The overground route of the Victoria Tunnel makes for a fascinating walk of between 1.5-2 hours, starting on Claremont Road, opposite Exhibition Park and finishing on Newcastle’s Quayside.
Many people will have walked the streets of Newcastle without ever knowing what lies a few feet beneath them. The Victoria Tunnel runs beneath Newcastle from the Town Moor down to the Tyne. It was built in 1842 to transport coal from Leazes Main Colliery to riverside staithes ready for loading onto ships.
When it opened in 1835, the Leazes Main or Spital Tongues Colliery was one of the many coal mines around Newcastle. The industrial revolution was in full steam; demand for coal was high and the competition was great.

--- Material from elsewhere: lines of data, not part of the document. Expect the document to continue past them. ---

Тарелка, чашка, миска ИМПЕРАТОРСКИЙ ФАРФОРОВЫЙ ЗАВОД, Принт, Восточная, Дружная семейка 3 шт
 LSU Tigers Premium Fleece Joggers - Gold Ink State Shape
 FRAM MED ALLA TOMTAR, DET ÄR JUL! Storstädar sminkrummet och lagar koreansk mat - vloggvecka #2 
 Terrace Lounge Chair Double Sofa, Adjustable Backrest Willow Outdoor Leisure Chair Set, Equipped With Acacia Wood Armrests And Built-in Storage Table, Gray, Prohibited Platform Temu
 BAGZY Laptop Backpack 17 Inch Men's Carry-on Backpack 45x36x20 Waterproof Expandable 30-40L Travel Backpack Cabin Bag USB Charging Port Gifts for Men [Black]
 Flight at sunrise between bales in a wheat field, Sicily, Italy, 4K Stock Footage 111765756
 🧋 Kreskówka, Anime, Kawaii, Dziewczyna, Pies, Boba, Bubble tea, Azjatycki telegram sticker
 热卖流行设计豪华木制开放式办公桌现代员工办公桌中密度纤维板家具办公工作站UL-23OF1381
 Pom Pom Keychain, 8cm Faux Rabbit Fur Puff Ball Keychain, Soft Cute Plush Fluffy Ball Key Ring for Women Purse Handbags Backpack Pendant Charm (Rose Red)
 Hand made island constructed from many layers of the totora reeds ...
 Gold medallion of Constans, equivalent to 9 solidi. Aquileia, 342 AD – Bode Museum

Initially, the coal was carried on carts from the colliery through the streets of Newcastle to the river, ready for shipping. This was slow and because of the annual charges involved expensive. Porter and Latimer, the colliery owners, therefore employed a local engineer, William E. Gilhespie, to construct an underground waggonway.
Permission to build the Tunnel was granted in 1838 and work started the following year. The Tunnel was probably dug in sections. The engineers would have excavated a shaft down to the right level, then tunneled out to link up with the next section. The walls of the Tunnel were lined in stone and a double brick arch supported the roof. It is approximately 7ft 5in (2.3m) high and 1.9m wide. This was just large enough to accommodate custom built chaldron waggons.
In 1939, it was converted into an air-raid shelter to protect hundreds of Newcastle citizens during World War II. A programme of repairs in 2007-8 was funded by the Heritage Lottery Fund and the TyneWear Partnership, and part of the Tunnel is now open to the public.